外国語で見た夢
アン:に国語で夢を見てしまったというか、いち国の人がに国語で話し始めたので仕方なく応戦する夢を見てしまったというか、すごく微妙な夢を見てしまった。
リン:そうなんだ。そう言えば、私の場合、に国語で夢を見たことはないね。留学していた間も、夢の中ではずっといち国語だった。どうしてだろう?
アン:私の方は、特に思い当たる原因は何もないよ。私はに国語が不得意で、夢の中でも不得意だった。
リン:そうなんだ?
アン:でも、見た夢をそのままに国語でメモしてからネット翻訳したら、勝手にAI翻訳が出てきて、ご丁寧に、夢で見たような内容で文法的におかしなところが散見されるが、ってツッコミを入れて、概ね正しく翻訳してくれた。
リン:あはは!AIすごいね。
アン:AIに餌をやるつもりじゃなかったのに!うっかりやってしまった上に、あっちの方が語学力高いよ!ショックだよ。
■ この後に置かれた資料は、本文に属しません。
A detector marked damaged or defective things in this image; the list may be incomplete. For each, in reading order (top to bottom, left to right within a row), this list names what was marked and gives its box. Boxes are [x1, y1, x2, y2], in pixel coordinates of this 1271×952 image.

リン:文法的におかしいって、どんなところがおかしかったの?
アン:前置詞のミスを例示していたけど、夢を実況したようだと思われたのは、時制がこんがらがっている文章だったからだと思う。
リン:なるほどね。確かに、時制の先後関係がしっかりしていない文章は、内容もあやふやだと思われそうだね。
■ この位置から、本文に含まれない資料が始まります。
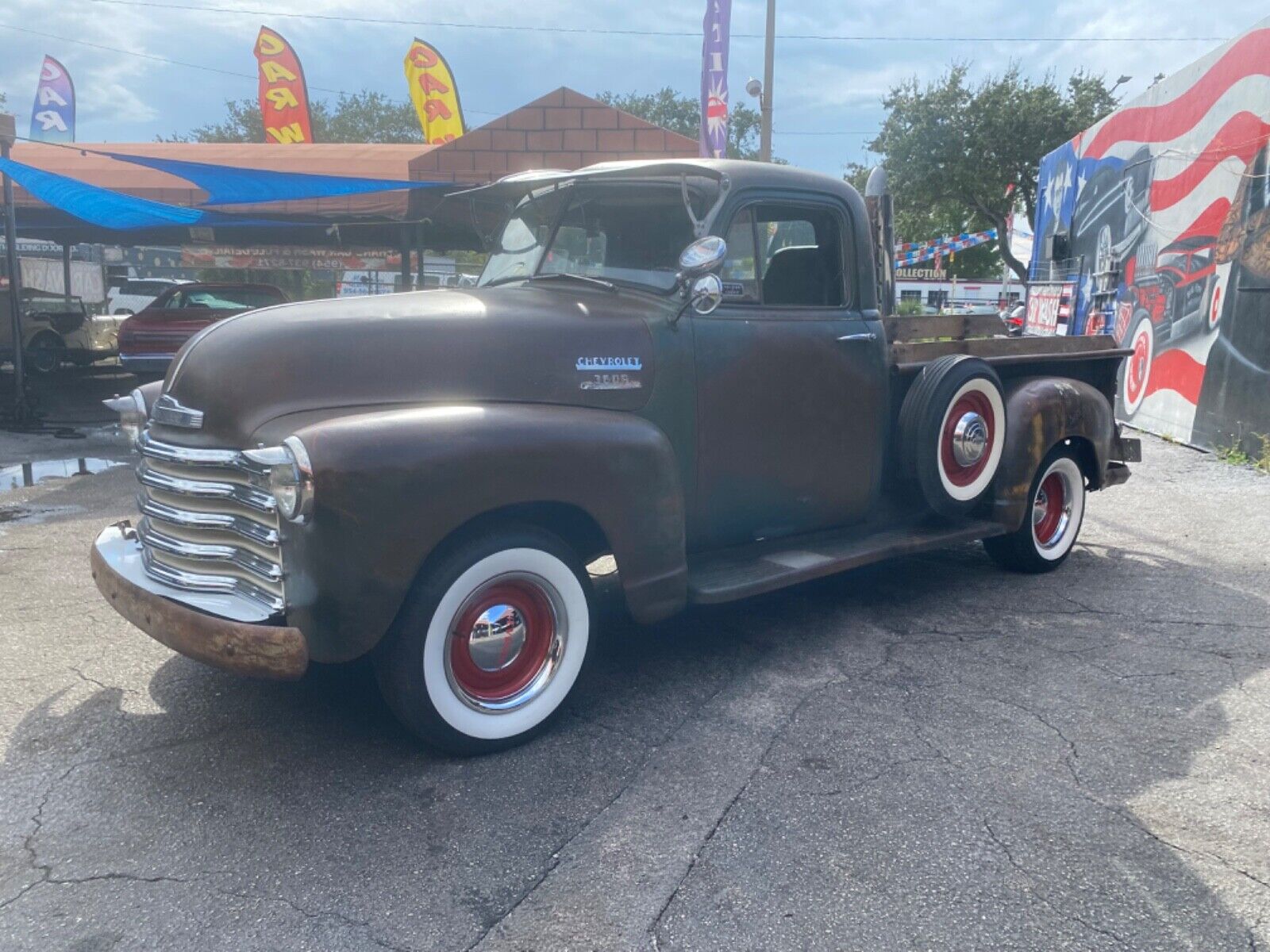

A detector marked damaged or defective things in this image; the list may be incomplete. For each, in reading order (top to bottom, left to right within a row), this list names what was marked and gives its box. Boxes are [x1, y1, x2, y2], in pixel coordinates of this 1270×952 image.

rusty bumper [90, 524, 310, 679]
アン:先後関係を整理してから書かないと、いきなり始めたら時制は揺れてしまうよ。
リン:良く言えば臨場感溢れる表現、なのかな。まぁ、公的な文章じゃなければ、時制の表記揺れなんて、読み手が雰囲気で補うものなのかもね。
アン:うーん、やっぱり不得意感が出てるよね。いち国語で話しているときは、そこまで不自由を感じたことはないのだけど。
リン:いち国語は時制が微妙だからね。聞き手が判断するか、それっていつのこと?って聞くかしないと、はっきりしない場合もあるよ。
アン:なるほどー。私の話し方で留学生を困惑させているケースもあるのかな?に国語とさん国語やよん国語ではまた文法も違うし、時制感覚も違うのかな。
リン:時制は大事だから、重点的に学習するんじゃないかな。いち国でも、に国語の学習で時制に文法学習のかなりの時間をかけるでしょう。
アン:確かに、高校までは時制の学習は多かった。大学に入ったら今さら時制に重点を置かないから、自分で復習しないとダメになってしまいそう。
リン:法律や政治で海外を扱うなら、語学は欠かせないでしょうけど、アンさんの場合は、専攻が地理でしょう?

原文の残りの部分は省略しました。